Par ces propositions, et d'autres, nous touchons là à la nécessité, pour l'Etat, de définir une véritable politique industrielle et de services, de préciser ses objectifs et les moyens dont elle dispose pour développer l'emploi. Ce point dépasse notre compétence de législateur et donc le contenu de notre proposition de loi. Mais il est absolument essentiel. En effet, en France et dans l'Union européenne, la concurrence est un dogme, le soutien à la rentabilité financière des entreprises un tabou. Le terrible bilan de cette politique, qui a même réussi à fragiliser un joyau industriel comme Airbus, impose un complet changement de politique industrielle. Au sein des institutions européennes, il est temps d'en finir avec cette religion de la concurrence et donc de permettre aux pouvoirs publics de soutenir et d'orienter des projets industriels stratégiques. Et il est tout autant urgent de contester ce primat à la rentabilité financière, en luttant contre les politiques de dumping fiscal et en réorientant, les missions et la politique de la Banque centrale européenne. Ce n'est que sous contrôle démocratique que la BCE pourra inventer une politique du crédit favorable à la recherche, à l'emploi, aux salaires et à la formation.

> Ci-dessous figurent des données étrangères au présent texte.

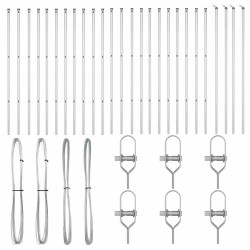 Poteaux de clôture 26 pièces Ø32 mm 200 cm en acier galva 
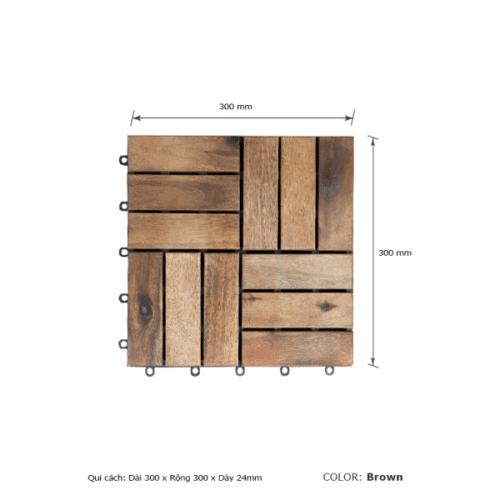 Vỉ Gỗ Tự Nhiên Tràm Bông Vàng Brown 12 Nan300x300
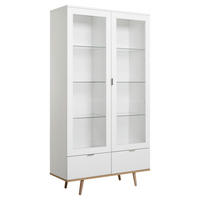 VITRÍNA, biela, farba duba, 100/185/40 cm - biela/farba duba, Konventionell, kov/drevo (100/185/40cm) - MID.YOU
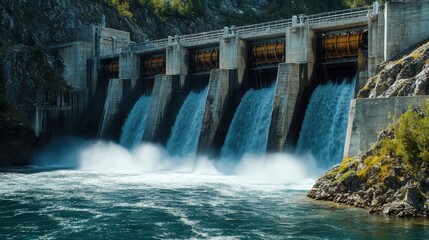 a picturesque hydroelectric dam with crystal-clear water flowing through it, 
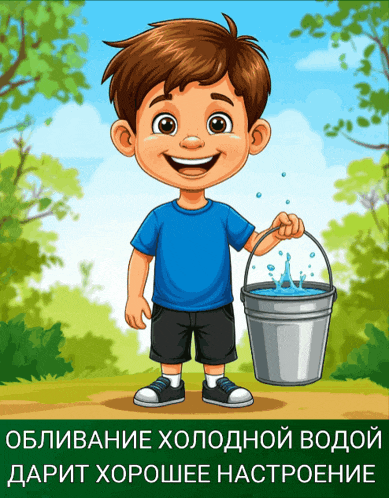 a boy in a blue shirt is holding a bucket of water and smiling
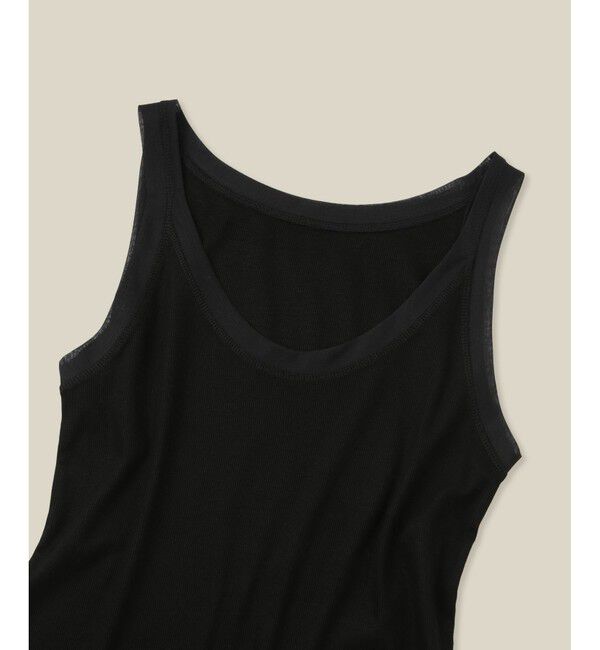 ROPE「【WEB・一部店舗限定】【接触冷感/UVカット】チュールコンビテレコタンクトップ」|タンクトップ|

Un pôle financier public, autour de la Caisse des dépôts, de la Poste et des Caisse d'Epargne, pourrait ainsi être créé
De même, c'est à l'Europe qu'il incombe de remettre en cause, au sein des institutions internationales comme l'OMC, ce modèle d'une concurrence libre et non faussée à l'échelle mondiale : cette mondialisation ne profite en effet qu'aux multinationales. Partout, de la Chine à la France, de la Turquie aux Etats-Unis, cette mondialisation capitaliste fait des ravages. Elle détruit l'emploi industriel au nord, mais aussi maintenant dans les pays intermédiaires, tout en favorisant la surexploitation des salariés des pays du sud ou de l'est. Combien de Germinal doivent aujourd'hui subir les ouvriers chinois ? En France, le gouvernement a la responsabilité de soutenir le développement de l'industrie et des services. Un pôle financier public, autour de la Caisse des dépôts, de la Poste et des Caisse d'Epargne, pourrait ainsi être créé. Cela donnerait à l'Etat les moyens d'orienter les investissements et de favoriser le développement de l'industrie et des services, par le biais d'une politique de crédit sélective, favorable aux projets socialement et économiquement utiles, mais aussi respectueuse de l'environnement. L'Etat a aussi la responsabilité d'imposer d'autres critères de gestion que la rentabilité. Prenons l'exemple des pôles de compétitivité. Tous sont aujourd'hui contrôlés par de grandes multinationales, régies par la seule poursuite de la rentabilité financière. Que pouvons-nous donc attendre d'eux ? Si l'on veut s'assurer du développement en France de filières industrielles de pointe, liées aux plus récentes avancées de la recherche, il faudrait transformer ces pôles en pôles de coopération, qui seraient sous le contrôle conjoint des chercheurs, des enseignants, des comités d'entreprise, des syndicats, des associations et des élus. Ce sont ces coopérations, construites dans le temps, et pas sur le court terme, qui peuvent favoriser l'essor de nouvelles activités, riches en emplois, utiles aux territoires.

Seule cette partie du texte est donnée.